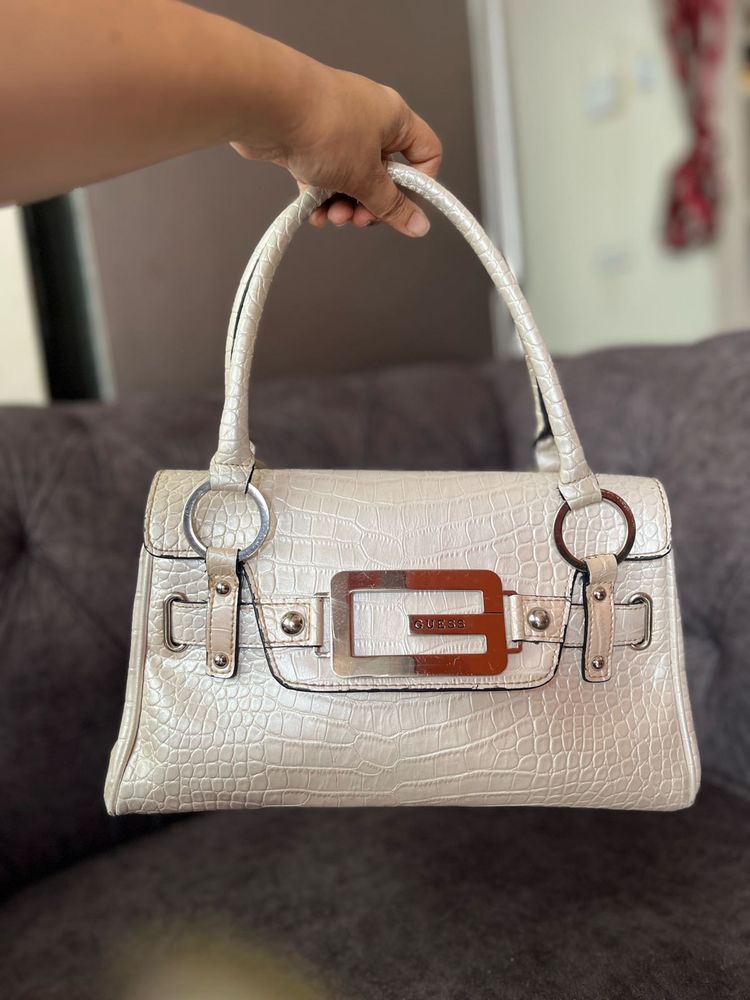 Authentic Guess crocodile pattern Handbag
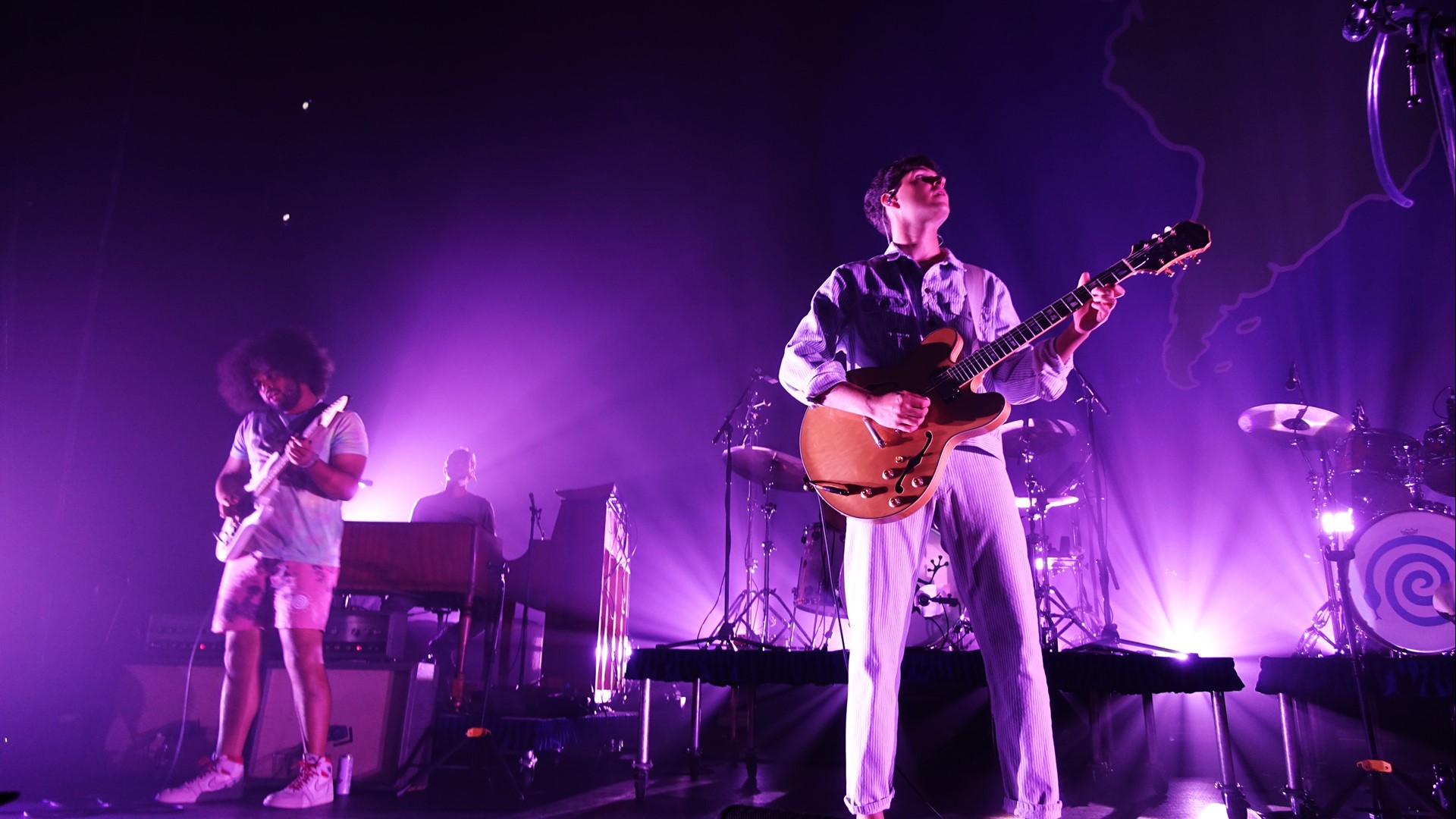 Vampire Ride Vampire Weekend books 39-date North American concert tour | 9news.com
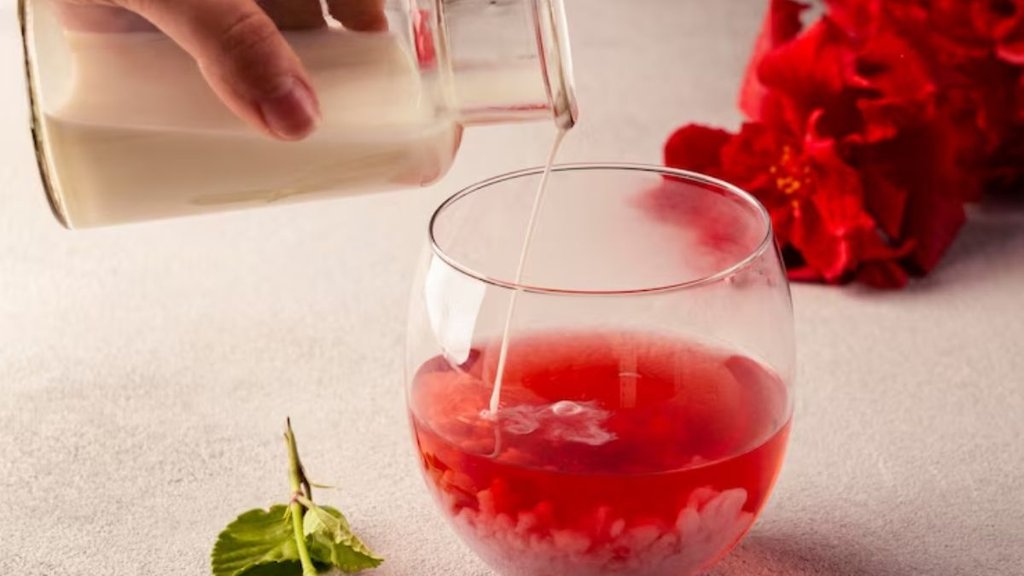 rose water for glowing skin, Garmi me chehre par gulab jal lagane ke fayde,चेहरे पर गुलाब जल कैसे लगाएं, गुलाब जल के फायदे, benefits of rose water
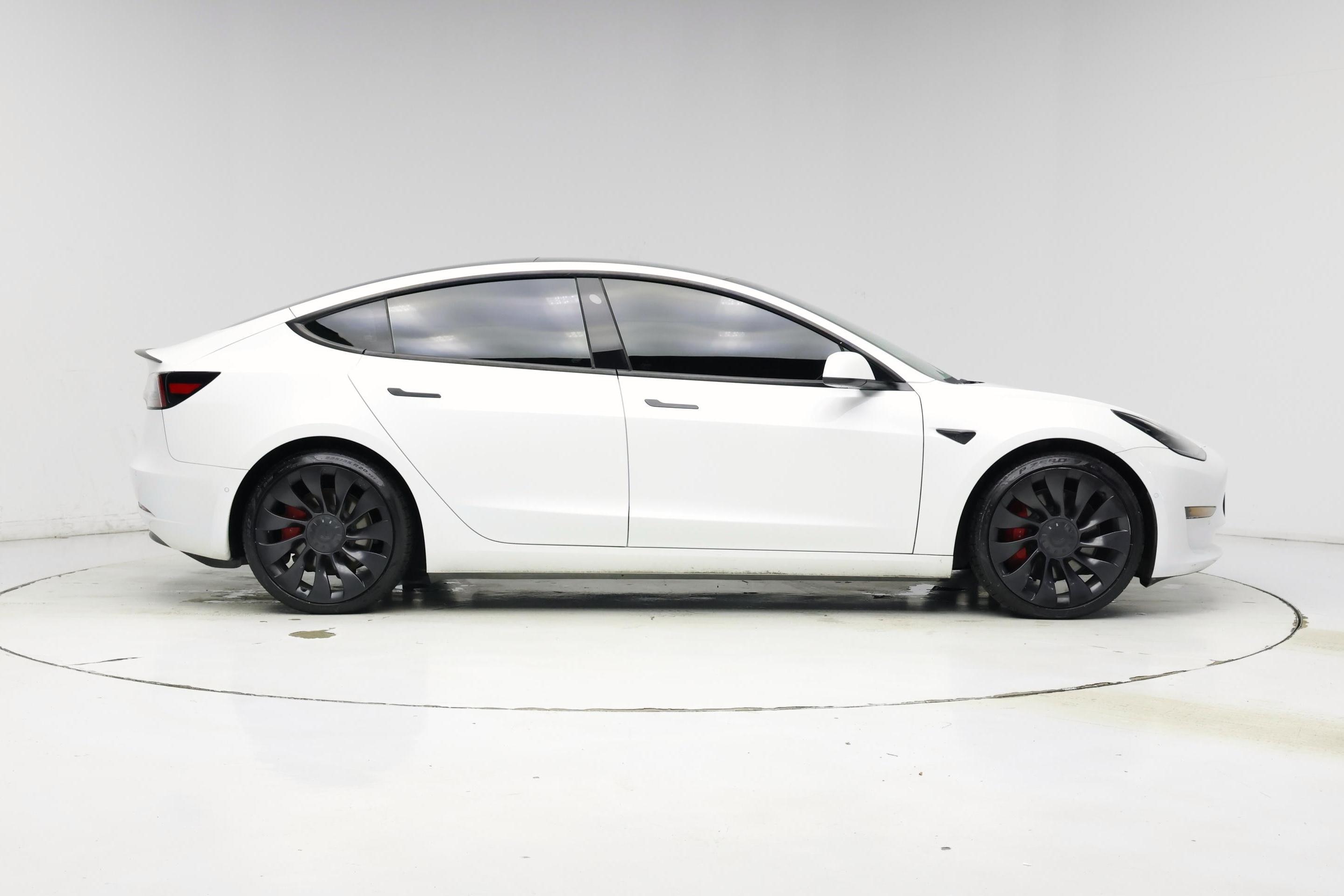 Thumbnail: 2021 Tesla Model 3 - 7
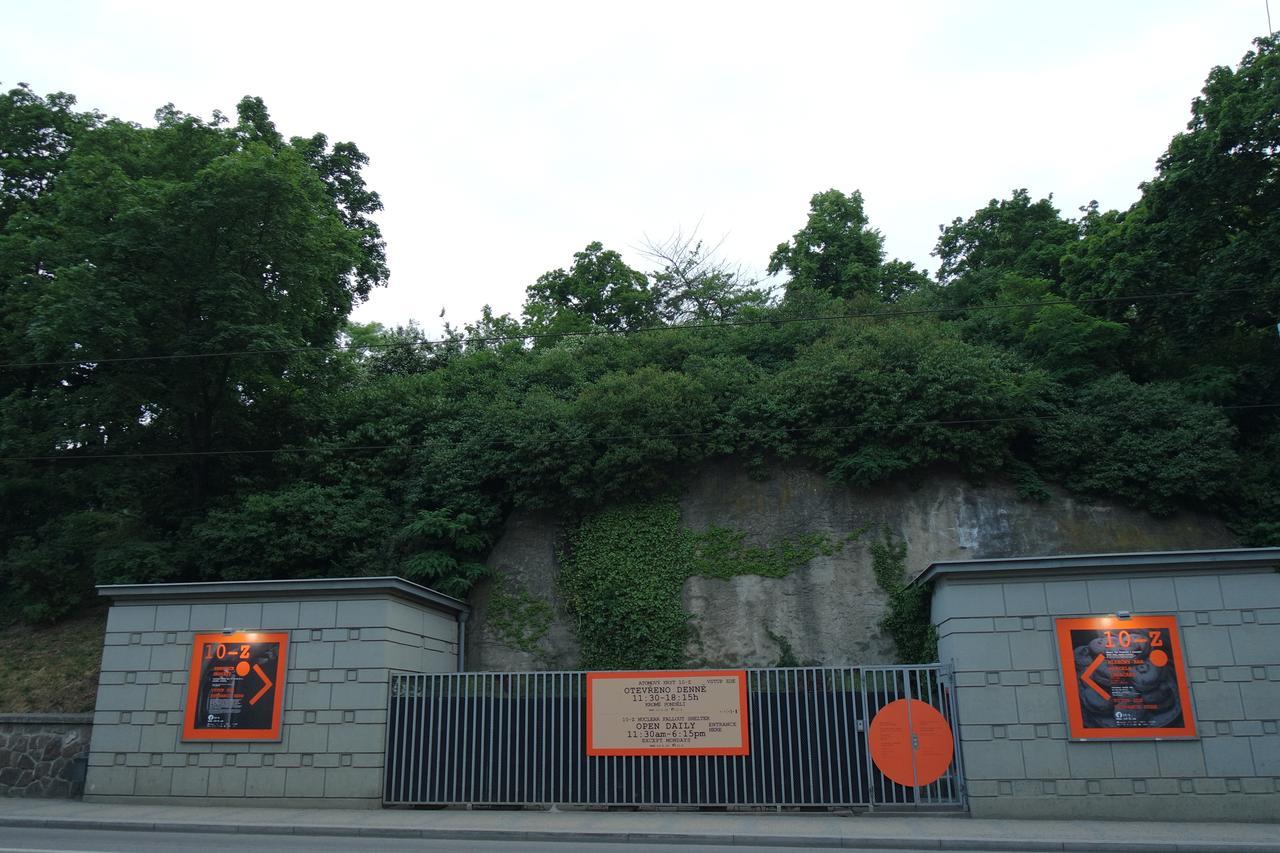 10-Z Bunker Ostello Brno Esterno foto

What you should do
In the records above, the lines from the one containing "Vampire Ride Vampire" through the last line are to be written out exactly, both ends included and pictures omitted.

Problem solution
 Vampire Ride Vampire Weekend books 39-date North American concert tour | 9news.com
 rose water for glowing skin, Garmi me chehre par gulab jal lagane ke fayde,चेहरे पर गुलाब जल कैसे लगाएं, गुलाब जल के फायदे, benefits of rose water
 Thumbnail: 2021 Tesla Model 3 - 7
 10-Z Bunker Ostello Brno Esterno foto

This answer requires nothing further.